Cuando los españoles quieren hacer huelga, la hacen de verdad, como se puso de manifiesto en el famoso 14 de diciembre de 1988, pero cuando no quieren, no les gusta que nadie les obligue a actuar en contra de su voluntad. El ambiente no estaba en estos momentos, ni mucho menos, para secundar una convocatoria que partía de dos errores fundamentales de base: el momento y el motivo.
El momento, porque los sindicatos se han pasado dos años con la boca bien callada mientras el paro se disparaba a cifras de verdadero escándalo y ellos sin decir nada porque ya se encargaba el Gobierno de untarlos bien untados con la ‘grasa’ del presupuesto. Y después de darle la espalda a la gente, sobre todo a los casi cinco millones de parados, a los empresarios que han tenido que cerrar su negocio y a los autónomos que se han visto obligados a cesar en su actividad, a todos ellos y a sus familias, ahora UGT y CCOO querían salir a la calle para protestar porque hay que tomar medidas dolorosas para enderezar una situación de cuyo empeoramiento han sido cómplices por acción y por omisión.
El motivo, porque la huelga tendría que haber sido contra quien nos ha conducido a este desastre socioeconómico, esto es, el Ejecutivo de Rodríguez Zapatero, no los empresarios que están sufriendo la crisis ni mucho menos la presidenta de la Comunidad de Madrid, Esperanza Aguirre, cuyas políticas están permitiendo amortiguar en la región los durísimos golpes de las circunstancias que nos están tocando vivir. Así es que la equivocación de partida ha sido una convocatoria contraria a los deseos y al sentir de la gente en todos sus aspectos.
El distanciamiento con la sociedad se ha agravado a raíz de la actuación de los piquetes, impidiendo la salida a primera hora de los autobuses de la EMT y tratando de paralizar el metro para que las personas no pudieran acudir a su centro de trabajo, y después tratando de bloquear el tráfico, además de amedrentar, como poco, a todo aquel que osaba desafiar la llamada al paro. La reacción contra los sindicatos que han tenido, por ejemplo, los vecinos de la Gran Vía de Madrid, por tanto, es lógica y sirve como botón de muestra de una sociedad que no está por la labor de que nadie les venga a imponer nada en contra de sus deseos, y menos aún cuando, en el caso de Madrid, la convocatoria de UGT y CCOO tenía todos los tintes de una huelga política contra una presidenta, Esperanza Aguirre, elegida democráticamente y que, después del fracaso sindical de hoy, probablemente va a renovar su mandato el año próximo con mayoría absoluta.

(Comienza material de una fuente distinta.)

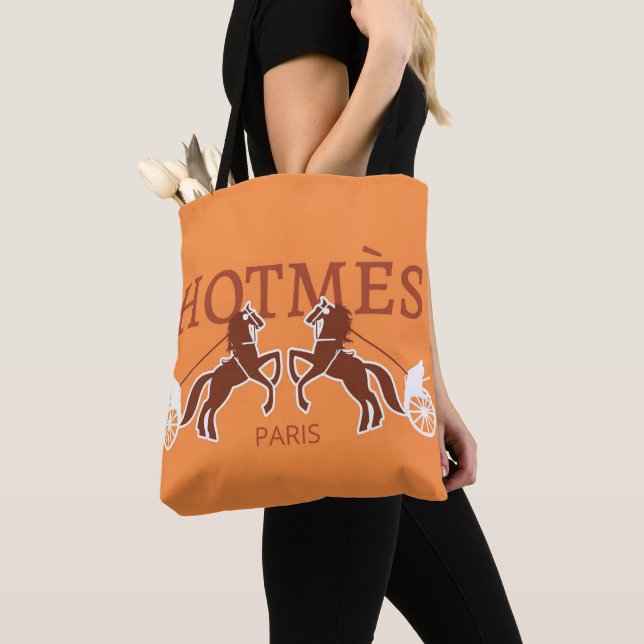 Bolsa Tote Toque do Designer de Mess Laranja Quente (Close Up)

Los sindicatos han hecho un ejercicio de total falta de sensibilidad hacia la sociedad. Ellos iban a lo suyo, con sus planteamientos ideológicos decimonónicos, sin importarles ni los parados, ni el sufrimiento de las personas para quienes perder un día de sueldo en estos momentos supone un verdadero problema, mientras Toxo y Méndez disfrutan de super áticos de lujo y restaurantes de primera; ni el deseo de los millones de españoles de querer ejercer su derecho a trabajar con libertad y, de esta forma, pueden haber consumado definitivamente un divorcio con una sociedad a la que le han dado la espalda en los momentos más difíciles y que desde hace tiempo no quiere saber nada de ellos, como demuestran las bajas y decrecientes cifras de afiliación.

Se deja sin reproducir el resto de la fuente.